Every picture should be left out, but the lines below must be repeated exactly.
Exercise data: Begin
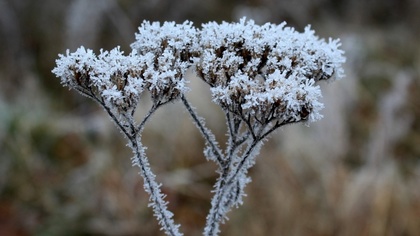 Ostrów Mazowiecka - W powiecie ostrowskim ubiegłej nocy temperatura nad ranem sp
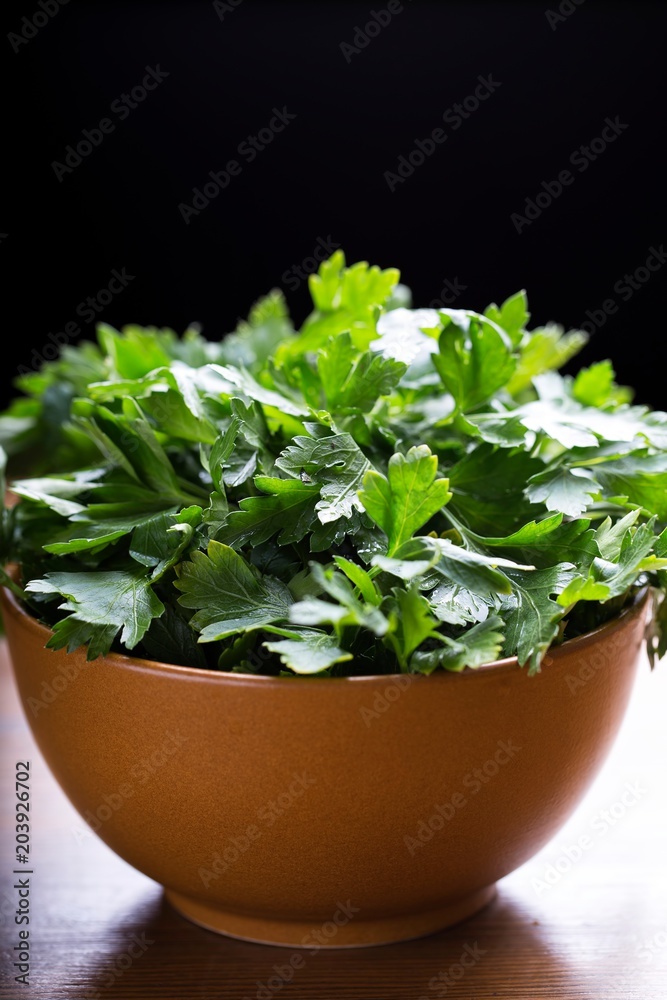 Fototapeta premium Green parsley. Fresh green parsley on the wooden table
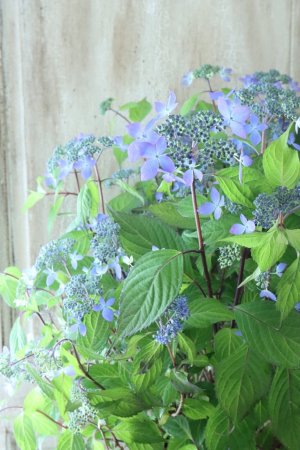 画像2: 山紫陽花 "千姫" 20cmポット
Exercise data: End
> Reply:
 Ostrów Mazowiecka - W powiecie ostrowskim ubiegłej nocy temperatura nad ranem sp
 Fototapeta premium Green parsley. Fresh green parsley on the wooden table
 画像2: 山紫陽花 "千姫" 20cmポット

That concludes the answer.